→ **Problem statement**
Check every line of the material below, and show those that contain "spring".

==== Data provided ====

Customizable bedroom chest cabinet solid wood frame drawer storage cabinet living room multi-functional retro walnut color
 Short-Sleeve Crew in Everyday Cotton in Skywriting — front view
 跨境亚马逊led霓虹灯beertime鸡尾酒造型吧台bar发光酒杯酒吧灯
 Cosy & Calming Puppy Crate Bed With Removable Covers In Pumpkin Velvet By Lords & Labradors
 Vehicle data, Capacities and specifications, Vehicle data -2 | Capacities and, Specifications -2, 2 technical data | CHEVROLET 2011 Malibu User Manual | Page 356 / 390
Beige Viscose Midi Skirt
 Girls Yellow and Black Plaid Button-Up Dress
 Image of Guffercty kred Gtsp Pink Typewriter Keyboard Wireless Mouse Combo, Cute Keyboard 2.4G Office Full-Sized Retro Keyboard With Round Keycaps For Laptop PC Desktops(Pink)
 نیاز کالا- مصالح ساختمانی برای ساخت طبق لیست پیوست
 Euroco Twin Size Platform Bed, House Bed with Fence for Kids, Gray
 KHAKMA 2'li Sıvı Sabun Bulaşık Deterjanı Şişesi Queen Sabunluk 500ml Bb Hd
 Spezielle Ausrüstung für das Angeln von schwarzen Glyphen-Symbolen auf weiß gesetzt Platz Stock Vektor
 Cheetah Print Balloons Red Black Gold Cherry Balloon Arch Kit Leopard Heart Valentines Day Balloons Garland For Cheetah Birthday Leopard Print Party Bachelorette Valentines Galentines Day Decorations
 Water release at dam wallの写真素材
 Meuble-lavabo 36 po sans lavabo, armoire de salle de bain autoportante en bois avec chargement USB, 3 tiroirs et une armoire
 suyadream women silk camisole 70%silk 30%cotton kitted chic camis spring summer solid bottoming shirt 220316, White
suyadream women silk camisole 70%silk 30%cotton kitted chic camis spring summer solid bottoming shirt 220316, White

====

→ **Response**
 suyadream women silk camisole 70%silk 30%cotton kitted chic camis spring summer solid bottoming shirt 220316, White
suyadream women silk camisole 70%silk 30%cotton kitted chic camis spring summer solid bottoming shirt 220316, White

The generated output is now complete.